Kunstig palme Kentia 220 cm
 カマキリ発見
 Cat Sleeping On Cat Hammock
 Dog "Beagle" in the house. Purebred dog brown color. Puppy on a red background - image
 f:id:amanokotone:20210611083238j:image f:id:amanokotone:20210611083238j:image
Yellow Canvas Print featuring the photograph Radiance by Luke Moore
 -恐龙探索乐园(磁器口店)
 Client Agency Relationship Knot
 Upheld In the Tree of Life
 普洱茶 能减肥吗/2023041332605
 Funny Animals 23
##########
Repeat the data precisely, reproducing every entry.

Kunstig palme Kentia 220 cm
 カマキリ発見
 Cat Sleeping On Cat Hammock
 Dog "Beagle" in the house. Purebred dog brown color. Puppy on a red background - image
 f:id:amanokotone:20210611083238j:image f:id:amanokotone:20210611083238j:image
Yellow Canvas Print featuring the photograph Radiance by Luke Moore
 -恐龙探索乐园(磁器口店)
 Client Agency Relationship Knot
 Upheld In the Tree of Life
 普洱茶 能减肥吗/2023041332605
 Funny Animals 23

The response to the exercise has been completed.